• **WHAT YOU HAVE TO DO**: When copying the data below, keep only the lines from the one with "日本製造陶瓷烤盤的耐熱蓋半開，擱放在盤邊，清晰可見內部底部的設計。 Close-up of" through the one with "Modern meeting room", word for word, and skip the pictures.

• **SOURCE MATERIAL**:
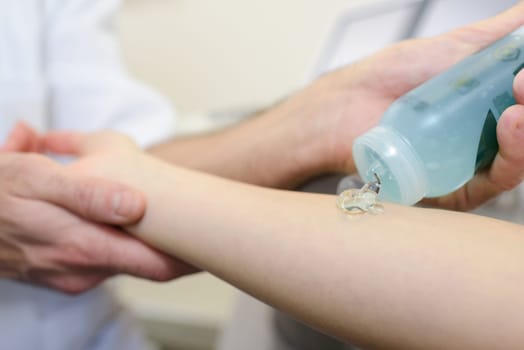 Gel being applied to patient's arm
...
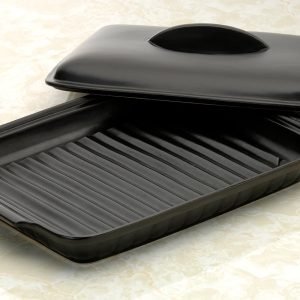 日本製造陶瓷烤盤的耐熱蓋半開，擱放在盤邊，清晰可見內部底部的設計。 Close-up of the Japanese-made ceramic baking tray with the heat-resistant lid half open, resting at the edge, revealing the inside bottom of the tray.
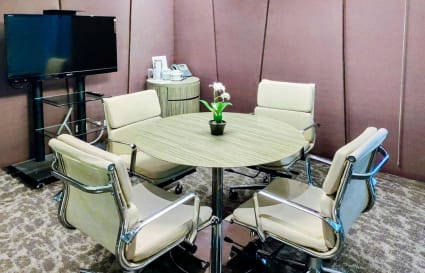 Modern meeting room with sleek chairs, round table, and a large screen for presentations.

• **COMPLETED TASK**:
 日本製造陶瓷烤盤的耐熱蓋半開，擱放在盤邊，清晰可見內部底部的設計。 Close-up of the Japanese-made ceramic baking tray with the heat-resistant lid half open, resting at the edge, revealing the inside bottom of the tray.
 Modern meeting room with sleek chairs, round table, and a large screen for presentations.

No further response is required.